Approximately 500 pages of internal documents have come to light, exposing the military's surveillance of peaceful activists, politicians and clergy.
(Human Rights Watch/IFEX) – New York, August 15, 2011 – Internal military documents that recently came to light expose the Indonesian military’s surveillance of peaceful activists, politicians, and clergy in the easternmost province of Papua, Human Rights Watch said today. Human Rights Watch urged the Indonesian government to order the military to cease the unlawful monitoring immediately, and to ensure that civilian authorities retain responsibility for basic law enforcement.

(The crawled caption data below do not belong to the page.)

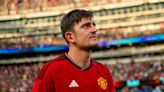 Harry Maguire excited by West Ham transfer as £30m fee agreed with Manchester United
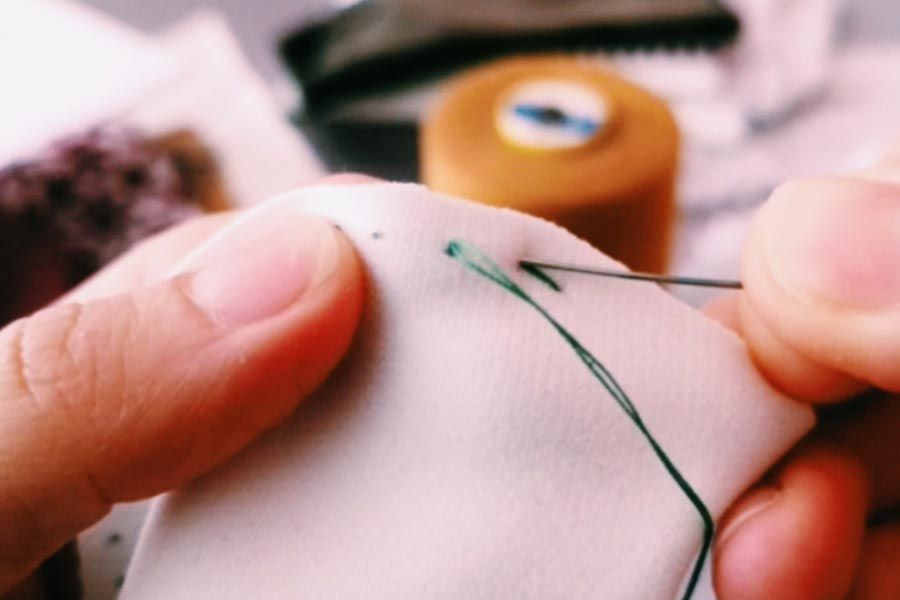 Tikiş tikmək beyin sağlamlığını  qoruyur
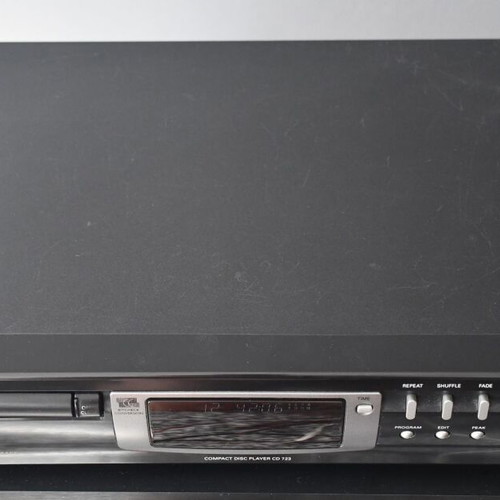 Philips CD 723 CD player used in excellent condition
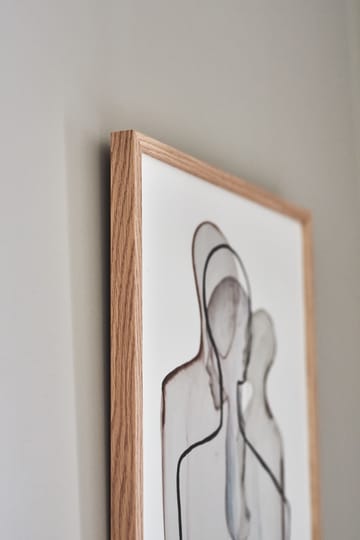 Stensö lijst eiken - 30x40 cm - Scandi Essentials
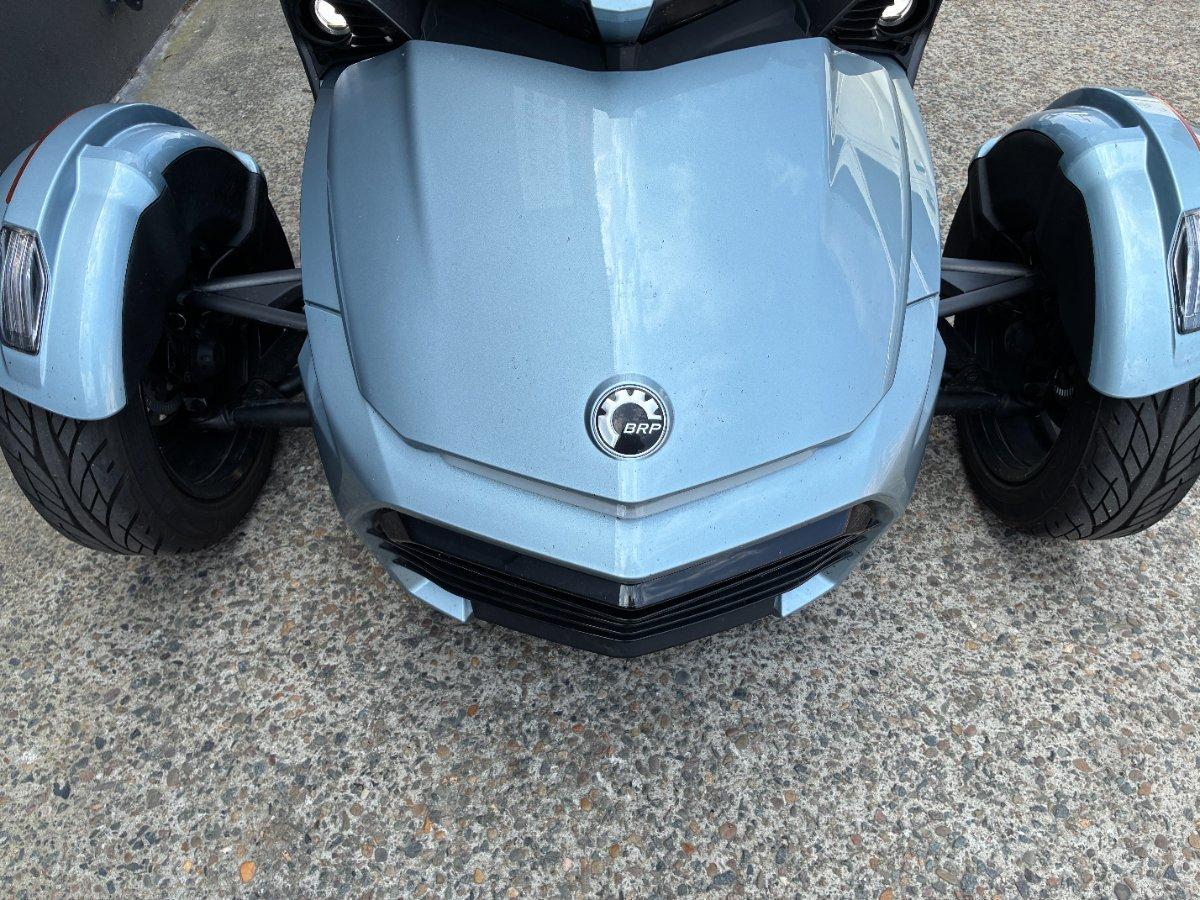 2021 CAN-AM SPYDER F3 LIMITED (SE6) ROAD
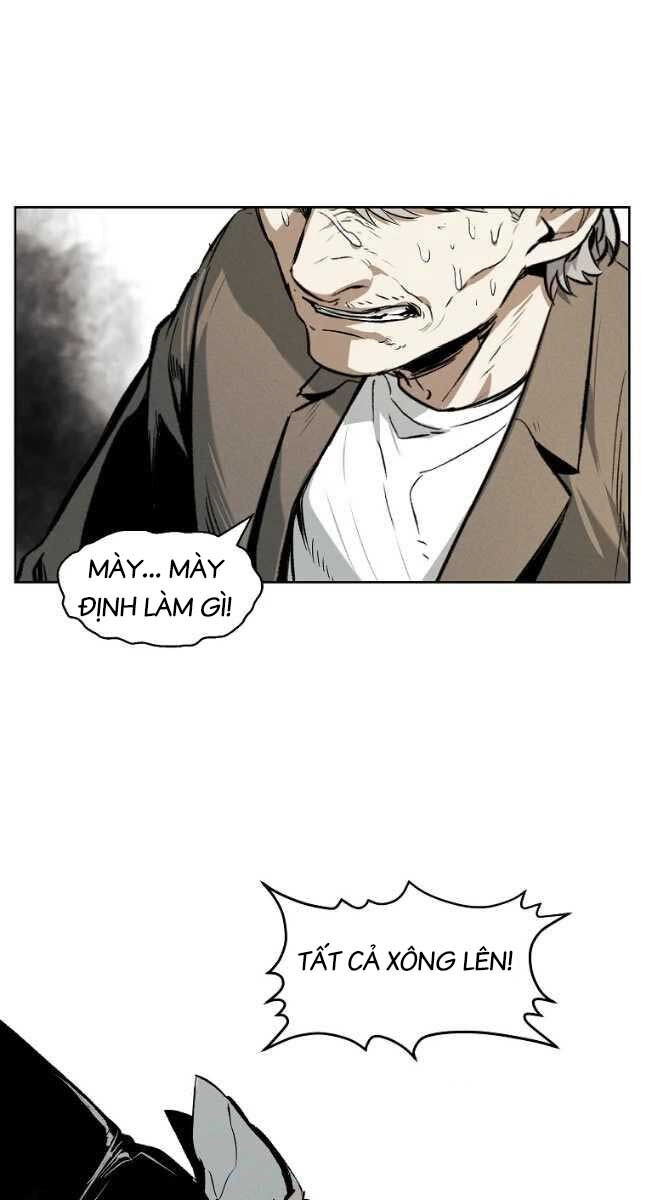 Kẻ Bất Bại Chapter 34 - Trang 21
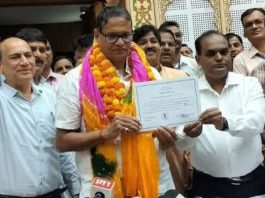 राजस्थान के 10 में से 9 नगर निगमों में भाजपा के महापौर, बीकानेर में कांग्रेस ने बचाया किला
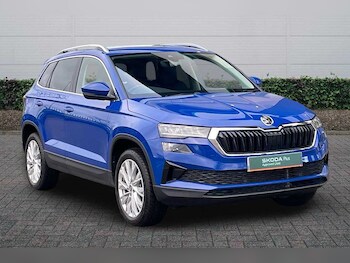 Used Skoda Karoq 2025 for sale - 77176617: Photo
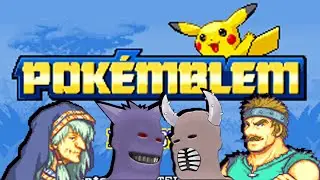 Pokemon Meets Fire Emblem - Pokemblem OFFICIAL Tutorial and In-game Tier List!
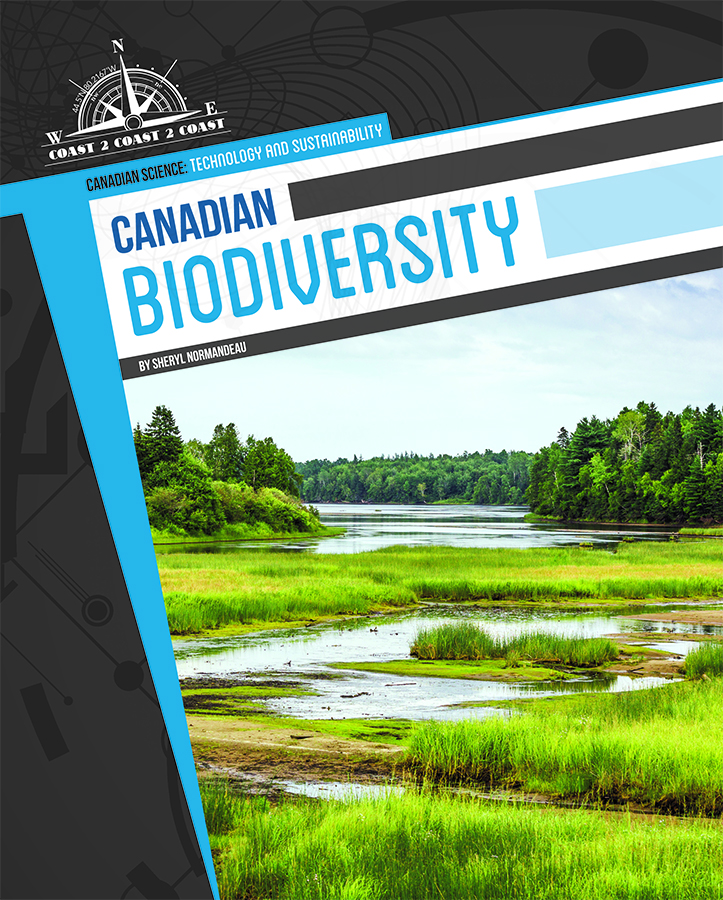 Front cover_Canadian Biodiversity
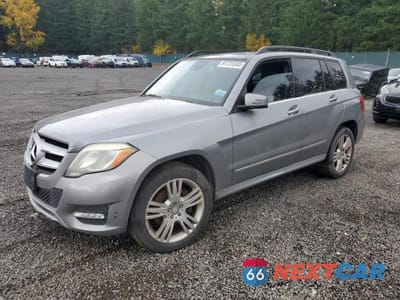 2015 MERCEDES-BENZ GLK 250 BLUETEC WDCGG0EB9FG411654 - główne zdjęcie licytacji z USA - miniatura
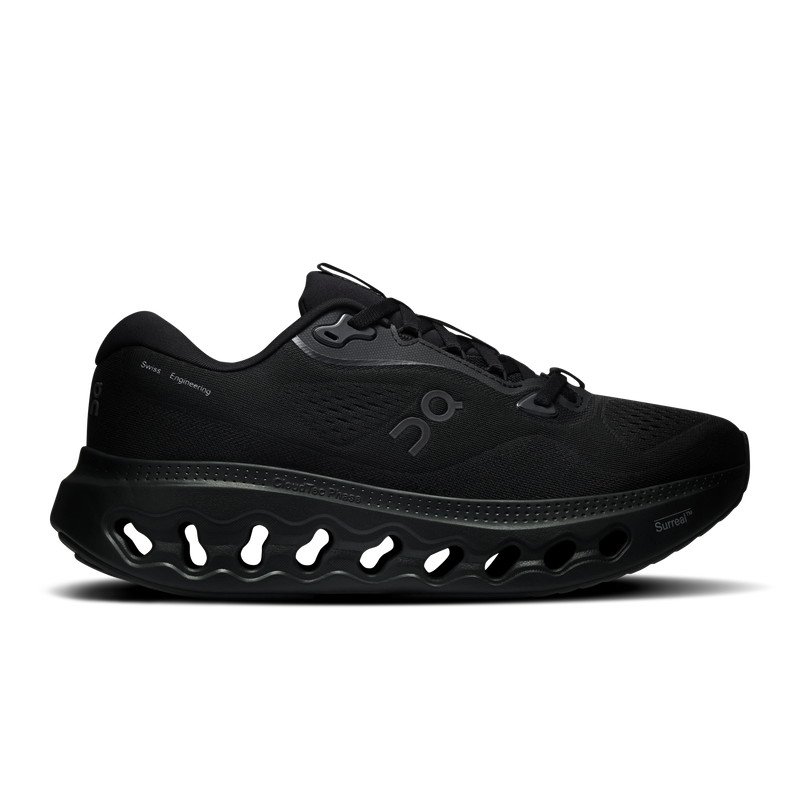 Women's Cloudsurfer 3 (Black/Black)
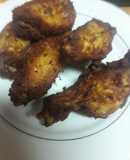 Alitas de pollo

The approximately 500 pages of documents, dated 2006 to 2009, include detailed reports of military surveillance of civilians and provide military perspectives on social and political issues in the area. Most are from Indonesia’s Special Forces (Komando Pasukan Khusus, or Kopassus) and the Cenderawasih military command in Jayapura, the provincial capital. They range from internal briefings, presentations, teaching tools, and intelligence products such as daily and quarterly Kopassus reports, to a paper on the status of Papua under international law. A separate document that came to light recently describes a surveillance operation in 2011, indicating that such surveillance continues.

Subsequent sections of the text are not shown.